# Mouth of Escambia Flounder?



## pogypumper (Mar 24, 2008)

Anybody catching any flounder around Mackey Cove/Escambia lately?


----------



## kingling (Apr 10, 2008)

no 

not yetoke:grouphug


----------



## tightlines (Oct 1, 2007)

I was over there last week running the boat after I put a new water pump in and there was a bunch of crab traps all along the sides of the river down by the mouth. Would make it kind of hard to fish. Water was muddy too. I hit some dock light but only had a few hits from the gar.


----------



## Backlash (Jun 11, 2008)

last few days getting a few specs (small) on live and dead bait

in Macky Cove and around point


----------



## Ryan (Dec 28, 2007)

last few times i have been 

we have caught atleast 5 or 6 nice size flounder!!!!

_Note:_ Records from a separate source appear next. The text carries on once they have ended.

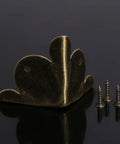 Solid Antique Bronze Corner Protectors, 12 Piece Heavy Duty Furniture Edge Guards with screws on black surface.
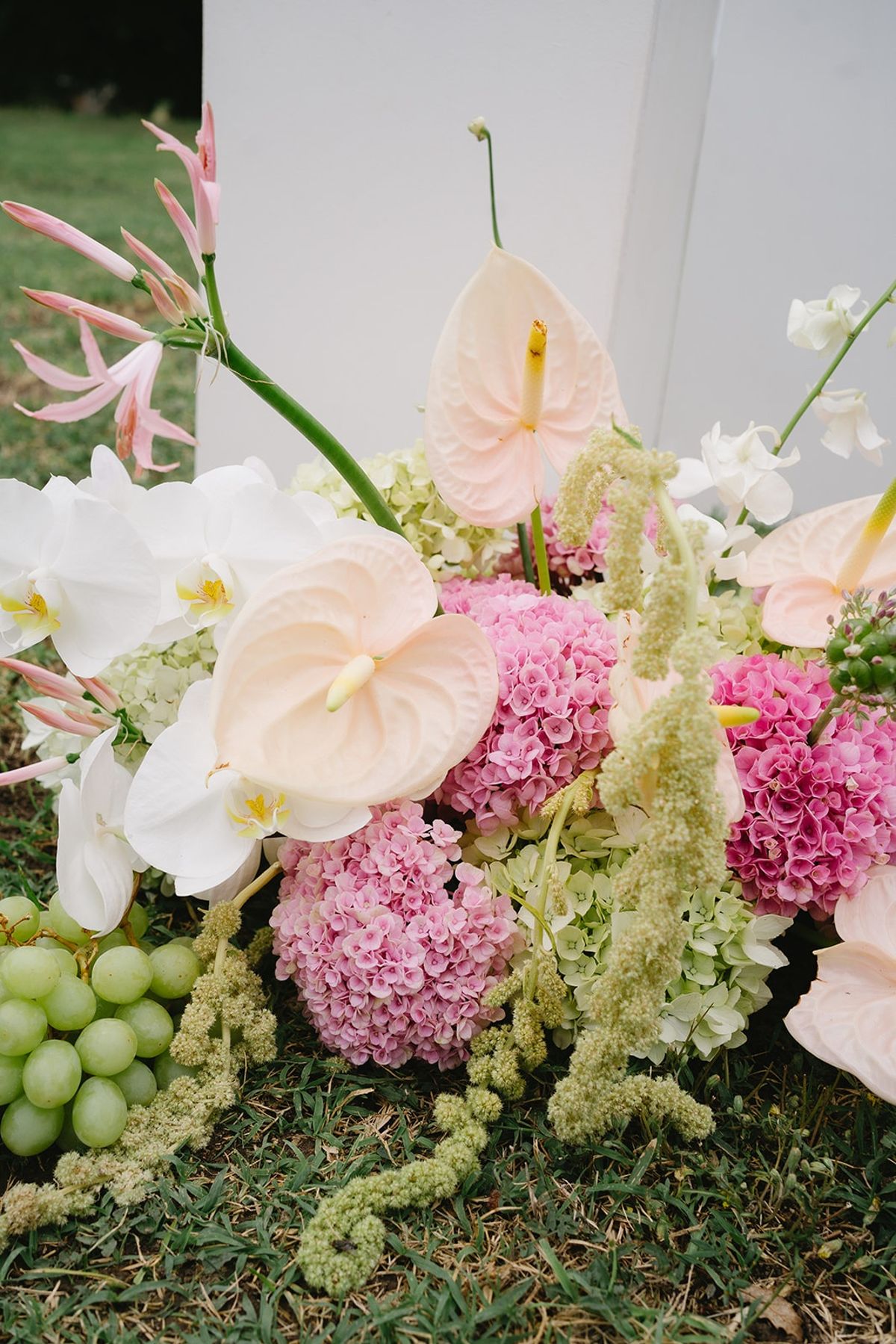 Pastel floral arrangement with grapes at altar base at Les Domaines de Patras, Provence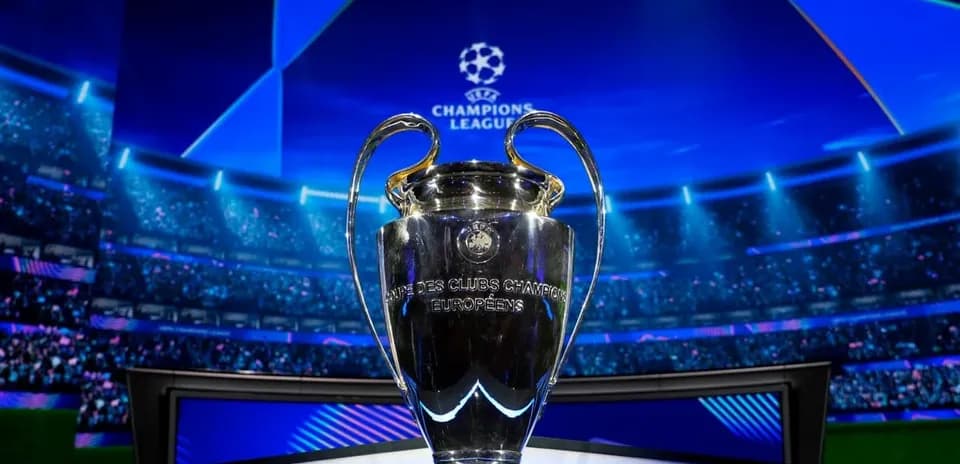 Champions League trophy displayed on stage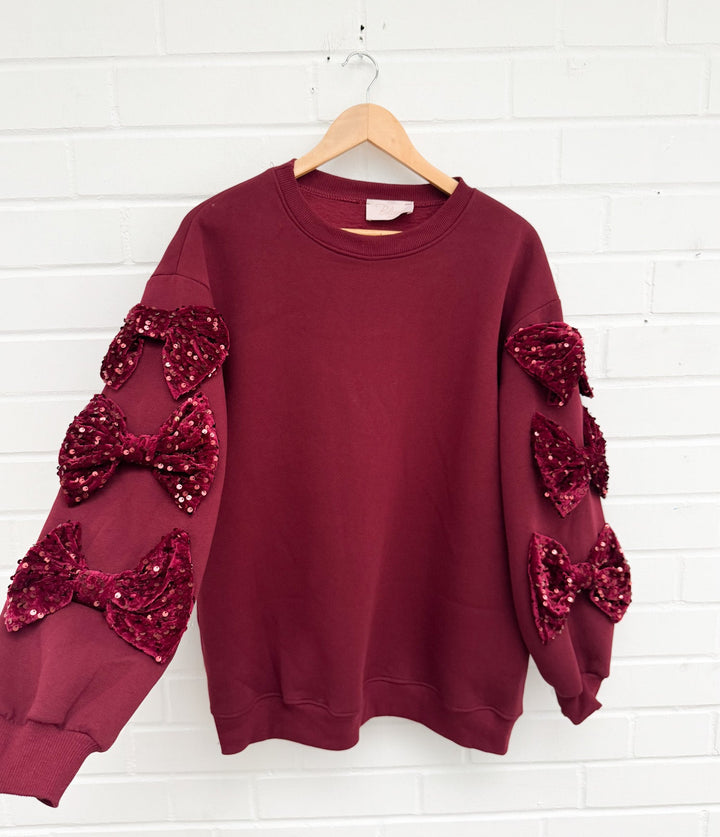 SWEATSHIRT MIT PAILLETTEN SCHLEIFEN - versch. Farben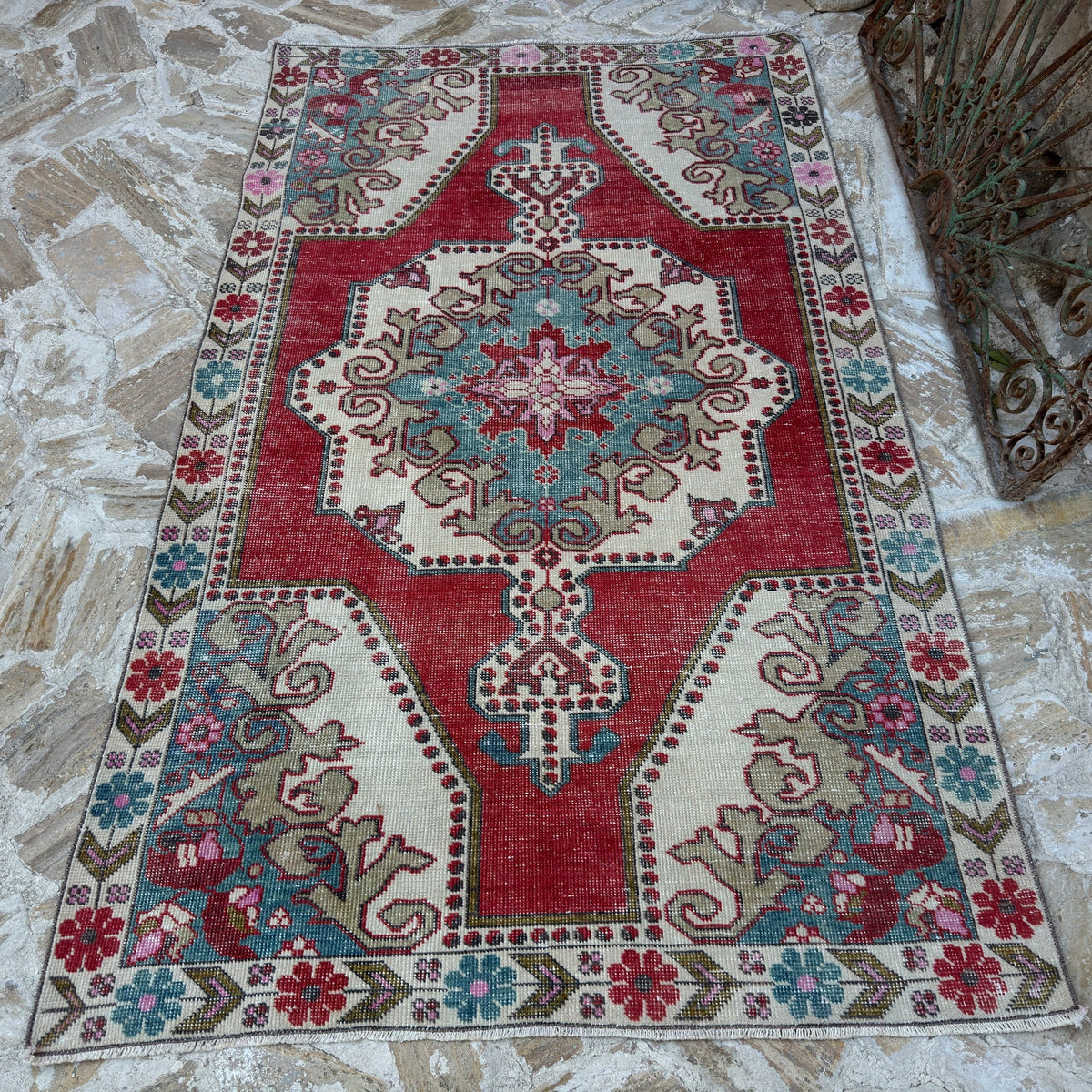Red 5' x 8' vintage Turkish anatolian rug in wool and cotton, shown on the floor.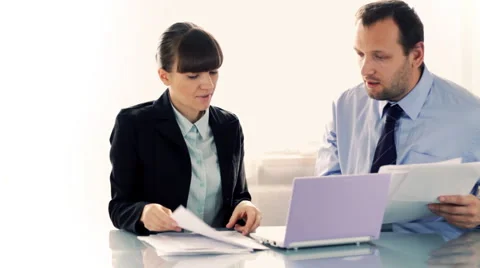 Young business couple working with documents in front of the laptop Stock Footage 1970029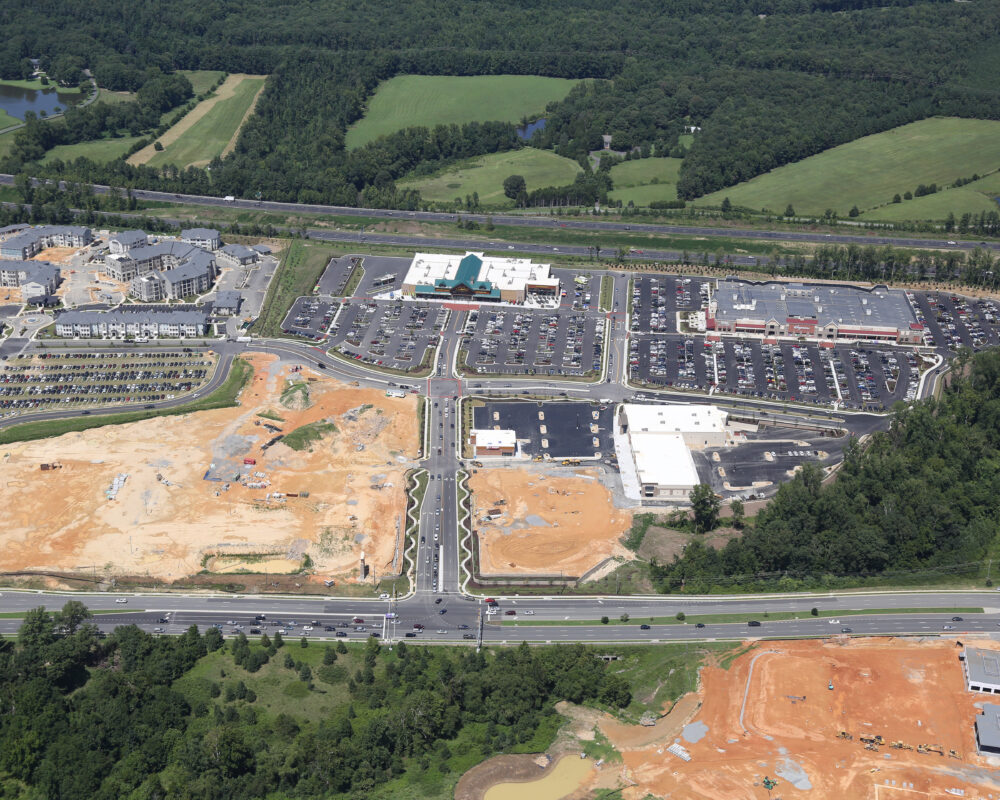 Aerial view of modern office park, greenery, and parking lots.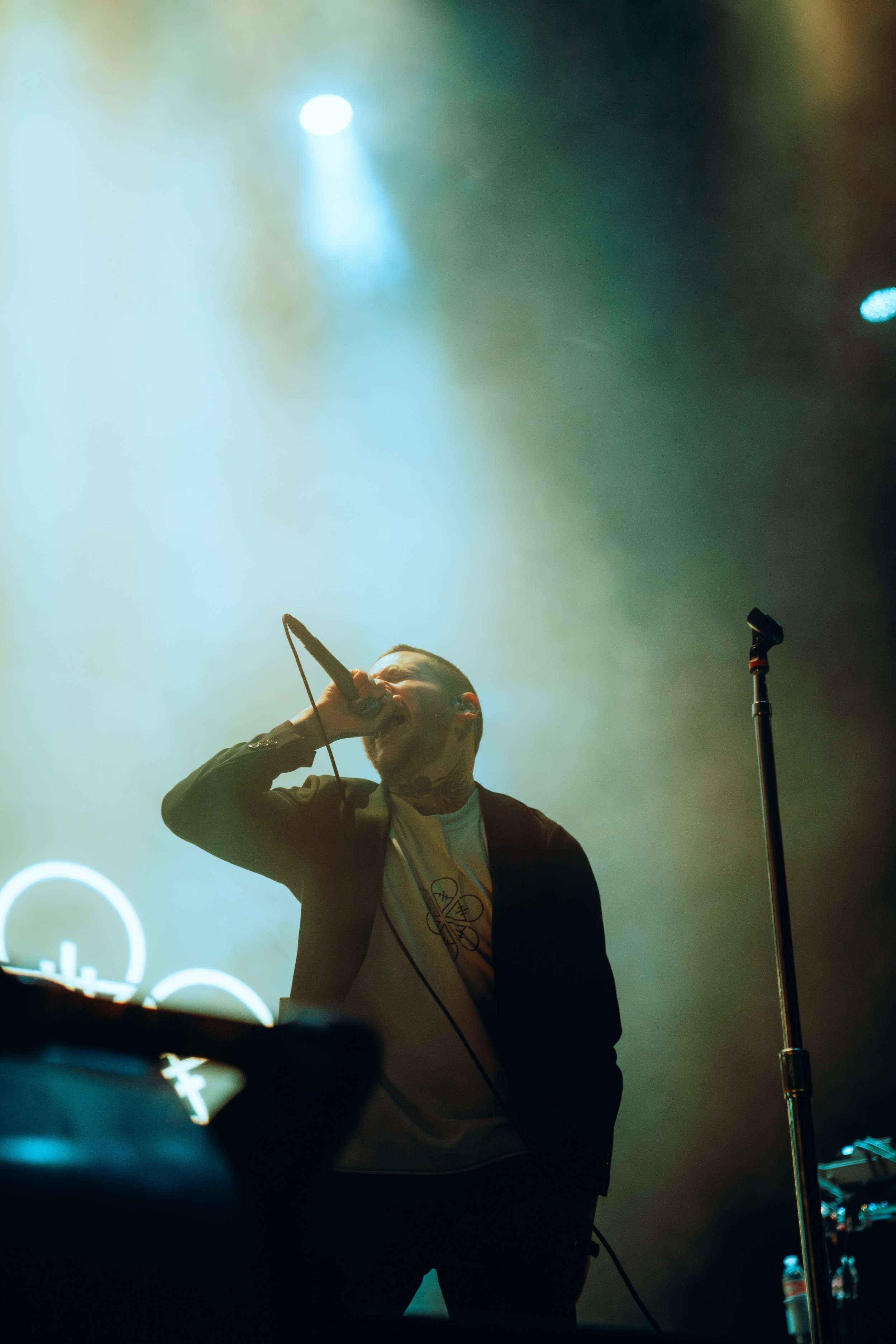 A man singing into a microphone on stage with stage lights and fog in the background.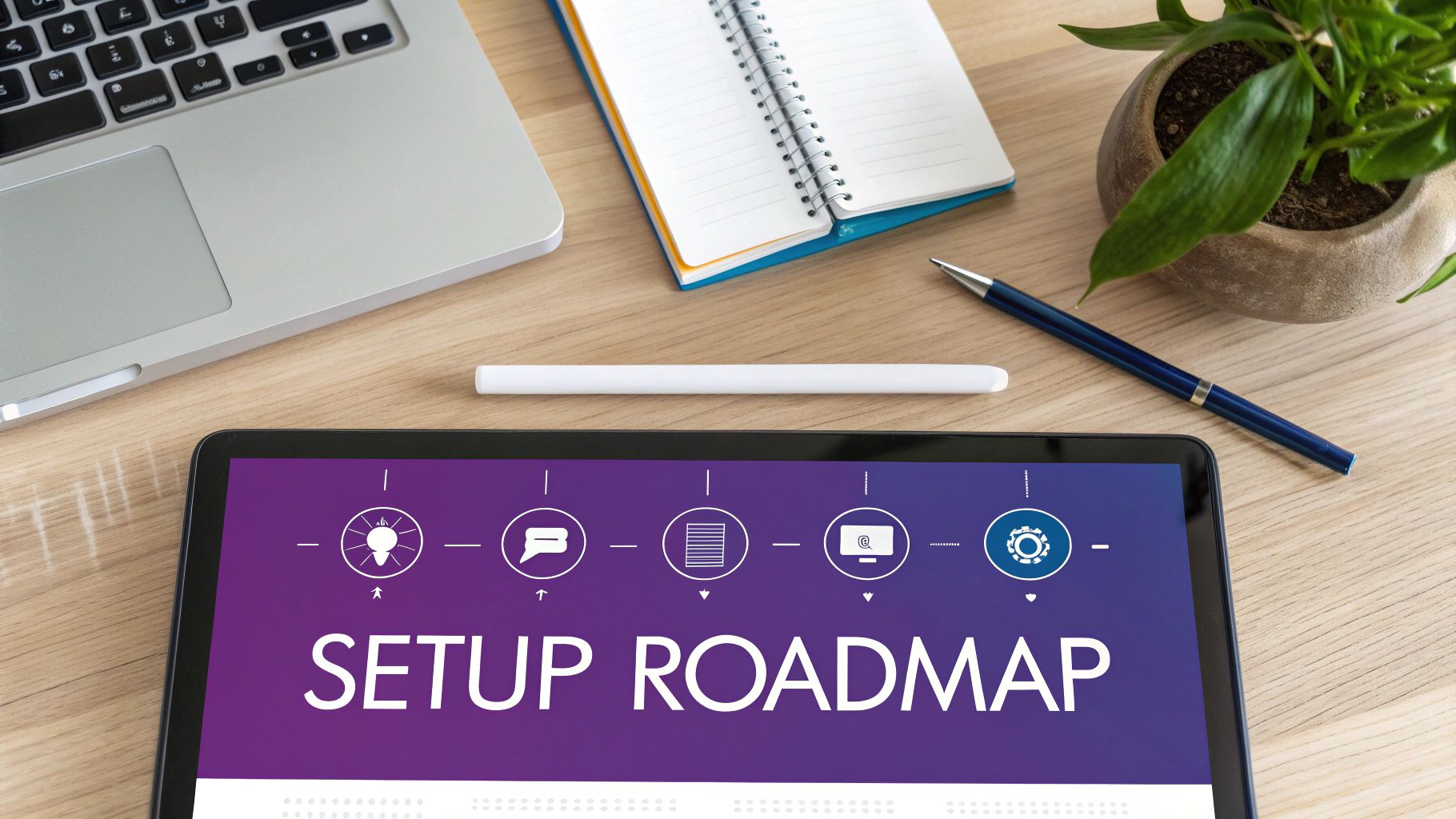 Overhead view of a workspace with a laptop, notebook, plant, pen, and tablet showing 'SETUP ROADMAP'.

3' gulp shrimp jigging on the main river 

stay out of macky cove


----------



## redfishin'JR (Jun 18, 2008)

What's wrong with Macky's Cove?


----------



## pogypumper (Mar 24, 2008)

Good to hear the flounder are moving in. That area is usually good this time of year.


----------



## jimmyjams4110 (Oct 20, 2007)

Caught a 18in yesterday close to Jim's Fish Camp.


----------